* [Problem statement] Every record that follows must be returned word for word.

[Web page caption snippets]
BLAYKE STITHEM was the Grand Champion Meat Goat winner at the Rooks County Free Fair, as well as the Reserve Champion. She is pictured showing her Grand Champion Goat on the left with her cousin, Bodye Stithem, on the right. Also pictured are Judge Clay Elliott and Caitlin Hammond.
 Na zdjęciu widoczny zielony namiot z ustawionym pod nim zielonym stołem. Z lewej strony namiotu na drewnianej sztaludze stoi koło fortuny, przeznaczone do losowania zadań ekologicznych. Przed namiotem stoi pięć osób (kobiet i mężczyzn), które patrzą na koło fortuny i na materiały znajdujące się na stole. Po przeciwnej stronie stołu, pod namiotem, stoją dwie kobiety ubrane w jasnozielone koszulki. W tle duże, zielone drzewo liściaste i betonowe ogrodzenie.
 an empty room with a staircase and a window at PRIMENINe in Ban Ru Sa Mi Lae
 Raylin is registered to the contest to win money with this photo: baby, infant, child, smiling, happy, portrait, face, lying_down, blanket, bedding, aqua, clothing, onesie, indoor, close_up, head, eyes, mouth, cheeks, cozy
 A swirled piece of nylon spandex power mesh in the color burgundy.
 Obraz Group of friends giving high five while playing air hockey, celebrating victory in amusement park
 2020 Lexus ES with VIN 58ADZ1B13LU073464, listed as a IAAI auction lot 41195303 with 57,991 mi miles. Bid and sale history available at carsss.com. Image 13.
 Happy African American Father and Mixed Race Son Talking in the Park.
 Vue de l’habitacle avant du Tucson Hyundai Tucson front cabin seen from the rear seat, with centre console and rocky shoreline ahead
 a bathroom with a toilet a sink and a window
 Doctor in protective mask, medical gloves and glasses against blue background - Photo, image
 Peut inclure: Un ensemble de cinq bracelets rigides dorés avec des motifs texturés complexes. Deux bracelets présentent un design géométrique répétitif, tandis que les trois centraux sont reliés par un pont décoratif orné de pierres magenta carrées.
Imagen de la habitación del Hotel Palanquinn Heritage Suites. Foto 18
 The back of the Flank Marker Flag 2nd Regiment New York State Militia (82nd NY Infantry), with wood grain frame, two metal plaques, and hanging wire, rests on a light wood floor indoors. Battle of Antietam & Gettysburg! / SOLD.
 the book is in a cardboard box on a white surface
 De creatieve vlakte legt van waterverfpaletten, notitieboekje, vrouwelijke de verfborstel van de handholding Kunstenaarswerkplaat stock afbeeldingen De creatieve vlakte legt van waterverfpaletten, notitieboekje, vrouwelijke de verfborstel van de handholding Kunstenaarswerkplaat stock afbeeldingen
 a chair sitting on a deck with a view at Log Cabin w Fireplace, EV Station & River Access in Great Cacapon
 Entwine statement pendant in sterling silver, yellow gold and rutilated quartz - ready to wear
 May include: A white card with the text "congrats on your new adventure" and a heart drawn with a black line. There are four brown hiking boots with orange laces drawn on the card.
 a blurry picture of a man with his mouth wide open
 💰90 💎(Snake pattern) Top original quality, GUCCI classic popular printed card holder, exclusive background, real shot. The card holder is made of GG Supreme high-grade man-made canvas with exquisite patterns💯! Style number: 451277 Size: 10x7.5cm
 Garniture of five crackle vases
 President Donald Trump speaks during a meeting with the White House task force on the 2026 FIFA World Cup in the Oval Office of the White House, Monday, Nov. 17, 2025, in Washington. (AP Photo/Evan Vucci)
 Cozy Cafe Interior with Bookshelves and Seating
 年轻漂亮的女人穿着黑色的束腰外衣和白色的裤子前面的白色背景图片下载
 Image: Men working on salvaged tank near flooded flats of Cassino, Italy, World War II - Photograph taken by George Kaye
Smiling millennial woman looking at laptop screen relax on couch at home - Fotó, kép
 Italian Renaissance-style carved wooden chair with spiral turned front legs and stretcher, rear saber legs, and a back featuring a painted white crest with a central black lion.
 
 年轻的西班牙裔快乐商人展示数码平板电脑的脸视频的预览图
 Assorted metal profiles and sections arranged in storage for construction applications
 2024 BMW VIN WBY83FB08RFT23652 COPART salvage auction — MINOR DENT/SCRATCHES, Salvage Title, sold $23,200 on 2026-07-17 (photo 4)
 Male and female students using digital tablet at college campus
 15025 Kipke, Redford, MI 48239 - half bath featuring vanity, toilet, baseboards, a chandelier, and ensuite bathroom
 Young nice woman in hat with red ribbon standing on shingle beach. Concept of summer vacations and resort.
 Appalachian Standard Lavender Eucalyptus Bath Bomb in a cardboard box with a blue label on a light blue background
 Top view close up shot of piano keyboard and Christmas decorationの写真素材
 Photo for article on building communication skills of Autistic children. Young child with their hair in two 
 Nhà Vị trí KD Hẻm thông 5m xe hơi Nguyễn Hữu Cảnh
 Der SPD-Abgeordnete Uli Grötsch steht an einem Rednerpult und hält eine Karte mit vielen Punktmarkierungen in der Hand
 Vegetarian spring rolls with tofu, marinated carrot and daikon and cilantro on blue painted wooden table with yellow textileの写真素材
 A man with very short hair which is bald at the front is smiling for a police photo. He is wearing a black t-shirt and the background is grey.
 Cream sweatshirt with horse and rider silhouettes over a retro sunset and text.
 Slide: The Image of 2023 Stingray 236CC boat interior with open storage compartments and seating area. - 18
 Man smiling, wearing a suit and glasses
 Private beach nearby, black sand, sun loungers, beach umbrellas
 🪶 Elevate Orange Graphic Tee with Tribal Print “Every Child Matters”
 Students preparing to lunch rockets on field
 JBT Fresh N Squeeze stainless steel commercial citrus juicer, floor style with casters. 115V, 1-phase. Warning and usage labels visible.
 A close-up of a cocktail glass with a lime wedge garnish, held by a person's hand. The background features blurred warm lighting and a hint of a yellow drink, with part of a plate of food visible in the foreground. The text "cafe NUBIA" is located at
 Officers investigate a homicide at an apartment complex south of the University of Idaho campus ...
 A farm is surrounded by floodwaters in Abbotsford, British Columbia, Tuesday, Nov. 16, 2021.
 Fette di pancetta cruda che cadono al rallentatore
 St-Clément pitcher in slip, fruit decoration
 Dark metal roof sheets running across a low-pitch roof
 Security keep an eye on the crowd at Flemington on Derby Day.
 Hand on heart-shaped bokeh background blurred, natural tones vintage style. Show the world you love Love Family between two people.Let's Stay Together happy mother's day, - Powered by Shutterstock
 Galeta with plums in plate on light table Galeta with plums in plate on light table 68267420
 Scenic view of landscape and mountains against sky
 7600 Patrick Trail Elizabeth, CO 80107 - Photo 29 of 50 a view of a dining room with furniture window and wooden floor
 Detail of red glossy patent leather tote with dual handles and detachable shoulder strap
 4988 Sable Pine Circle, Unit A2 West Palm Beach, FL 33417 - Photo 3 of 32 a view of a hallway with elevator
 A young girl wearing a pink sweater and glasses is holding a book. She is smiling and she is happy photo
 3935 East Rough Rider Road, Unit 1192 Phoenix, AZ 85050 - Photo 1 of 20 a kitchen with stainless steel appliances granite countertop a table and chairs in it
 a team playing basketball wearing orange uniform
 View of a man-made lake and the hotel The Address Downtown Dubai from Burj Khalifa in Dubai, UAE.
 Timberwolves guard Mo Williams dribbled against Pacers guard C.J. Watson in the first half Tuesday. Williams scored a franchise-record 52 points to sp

* [Solution]
BLAYKE STITHEM was the Grand Champion Meat Goat winner at the Rooks County Free Fair, as well as the Reserve Champion. She is pictured showing her Grand Champion Goat on the left with her cousin, Bodye Stithem, on the right. Also pictured are Judge Clay Elliott and Caitlin Hammond.
 Na zdjęciu widoczny zielony namiot z ustawionym pod nim zielonym stołem. Z lewej strony namiotu na drewnianej sztaludze stoi koło fortuny, przeznaczone do losowania zadań ekologicznych. Przed namiotem stoi pięć osób (kobiet i mężczyzn), które patrzą na koło fortuny i na materiały znajdujące się na stole. Po przeciwnej stronie stołu, pod namiotem, stoją dwie kobiety ubrane w jasnozielone koszulki. W tle duże, zielone drzewo liściaste i betonowe ogrodzenie.
 an empty room with a staircase and a window at PRIMENINe in Ban Ru Sa Mi Lae
 Raylin is registered to the contest to win money with this photo: baby, infant, child, smiling, happy, portrait, face, lying_down, blanket, bedding, aqua, clothing, onesie, indoor, close_up, head, eyes, mouth, cheeks, cozy
 A swirled piece of nylon spandex power mesh in the color burgundy.
 Obraz Group of friends giving high five while playing air hockey, celebrating victory in amusement park
 2020 Lexus ES with VIN 58ADZ1B13LU073464, listed as a IAAI auction lot 41195303 with 57,991 mi miles. Bid and sale history available at carsss.com. Image 13.
 Happy African American Father and Mixed Race Son Talking in the Park.
 Vue de l’habitacle avant du Tucson Hyundai Tucson front cabin seen from the rear seat, with centre console and rocky shoreline ahead
 a bathroom with a toilet a sink and a window
 Doctor in protective mask, medical gloves and glasses against blue background - Photo, image
 Peut inclure: Un ensemble de cinq bracelets rigides dorés avec des motifs texturés complexes. Deux bracelets présentent un design géométrique répétitif, tandis que les trois centraux sont reliés par un pont décoratif orné de pierres magenta carrées.
Imagen de la habitación del Hotel Palanquinn Heritage Suites. Foto 18
 The back of the Flank Marker Flag 2nd Regiment New York State Militia (82nd NY Infantry), with wood grain frame, two metal plaques, and hanging wire, rests on a light wood floor indoors. Battle of Antietam & Gettysburg! / SOLD.
 the book is in a cardboard box on a white surface
 De creatieve vlakte legt van waterverfpaletten, notitieboekje, vrouwelijke de verfborstel van de handholding Kunstenaarswerkplaat stock afbeeldingen De creatieve vlakte legt van waterverfpaletten, notitieboekje, vrouwelijke de verfborstel van de handholding Kunstenaarswerkplaat stock afbeeldingen
 a chair sitting on a deck with a view at Log Cabin w Fireplace, EV Station & River Access in Great Cacapon
 Entwine statement pendant in sterling silver, yellow gold and rutilated quartz - ready to wear
 May include: A white card with the text "congrats on your new adventure" and a heart drawn with a black line. There are four brown hiking boots with orange laces drawn on the card.
 a blurry picture of a man with his mouth wide open
 💰90 💎(Snake pattern) Top original quality, GUCCI classic popular printed card holder, exclusive background, real shot. The card holder is made of GG Supreme high-grade man-made canvas with exquisite patterns💯! Style number: 451277 Size: 10x7.5cm
 Garniture of five crackle vases
 President Donald Trump speaks during a meeting with the White House task force on the 2026 FIFA World Cup in the Oval Office of the White House, Monday, Nov. 17, 2025, in Washington. (AP Photo/Evan Vucci)
 Cozy Cafe Interior with Bookshelves and Seating
 年轻漂亮的女人穿着黑色的束腰外衣和白色的裤子前面的白色背景图片下载
 Image: Men working on salvaged tank near flooded flats of Cassino, Italy, World War II - Photograph taken by George Kaye
Smiling millennial woman looking at laptop screen relax on couch at home - Fotó, kép
 Italian Renaissance-style carved wooden chair with spiral turned front legs and stretcher, rear saber legs, and a back featuring a painted white crest with a central black lion.
 
 年轻的西班牙裔快乐商人展示数码平板电脑的脸视频的预览图
 Assorted metal profiles and sections arranged in storage for construction applications
 2024 BMW VIN WBY83FB08RFT23652 COPART salvage auction — MINOR DENT/SCRATCHES, Salvage Title, sold $23,200 on 2026-07-17 (photo 4)
 Male and female students using digital tablet at college campus
 15025 Kipke, Redford, MI 48239 - half bath featuring vanity, toilet, baseboards, a chandelier, and ensuite bathroom
 Young nice woman in hat with red ribbon standing on shingle beach. Concept of summer vacations and resort.
 Appalachian Standard Lavender Eucalyptus Bath Bomb in a cardboard box with a blue label on a light blue background
 Top view close up shot of piano keyboard and Christmas decorationの写真素材
 Photo for article on building communication skills of Autistic children. Young child with their hair in two 
 Nhà Vị trí KD Hẻm thông 5m xe hơi Nguyễn Hữu Cảnh
 Der SPD-Abgeordnete Uli Grötsch steht an einem Rednerpult und hält eine Karte mit vielen Punktmarkierungen in der Hand
 Vegetarian spring rolls with tofu, marinated carrot and daikon and cilantro on blue painted wooden table with yellow textileの写真素材
 A man with very short hair which is bald at the front is smiling for a police photo. He is wearing a black t-shirt and the background is grey.
 Cream sweatshirt with horse and rider silhouettes over a retro sunset and text.
 Slide: The Image of 2023 Stingray 236CC boat interior with open storage compartments and seating area. - 18
 Man smiling, wearing a suit and glasses
 Private beach nearby, black sand, sun loungers, beach umbrellas
 🪶 Elevate Orange Graphic Tee with Tribal Print “Every Child Matters”
 Students preparing to lunch rockets on field
 JBT Fresh N Squeeze stainless steel commercial citrus juicer, floor style with casters. 115V, 1-phase. Warning and usage labels visible.
 A close-up of a cocktail glass with a lime wedge garnish, held by a person's hand. The background features blurred warm lighting and a hint of a yellow drink, with part of a plate of food visible in the foreground. The text "cafe NUBIA" is located at
 Officers investigate a homicide at an apartment complex south of the University of Idaho campus ...
 A farm is surrounded by floodwaters in Abbotsford, British Columbia, Tuesday, Nov. 16, 2021.
 Fette di pancetta cruda che cadono al rallentatore
 St-Clément pitcher in slip, fruit decoration
 Dark metal roof sheets running across a low-pitch roof
 Security keep an eye on the crowd at Flemington on Derby Day.
 Hand on heart-shaped bokeh background blurred, natural tones vintage style. Show the world you love Love Family between two people.Let's Stay Together happy mother's day, - Powered by Shutterstock
 Galeta with plums in plate on light table Galeta with plums in plate on light table 68267420
 Scenic view of landscape and mountains against sky
 7600 Patrick Trail Elizabeth, CO 80107 - Photo 29 of 50 a view of a dining room with furniture window and wooden floor
 Detail of red glossy patent leather tote with dual handles and detachable shoulder strap
 4988 Sable Pine Circle, Unit A2 West Palm Beach, FL 33417 - Photo 3 of 32 a view of a hallway with elevator
 A young girl wearing a pink sweater and glasses is holding a book. She is smiling and she is happy photo
 3935 East Rough Rider Road, Unit 1192 Phoenix, AZ 85050 - Photo 1 of 20 a kitchen with stainless steel appliances granite countertop a table and chairs in it
 a team playing basketball wearing orange uniform
 View of a man-made lake and the hotel The Address Downtown Dubai from Burj Khalifa in Dubai, UAE.
 Timberwolves guard Mo Williams dribbled against Pacers guard C.J. Watson in the first half Tuesday. Williams scored a franchise-record 52 points to sp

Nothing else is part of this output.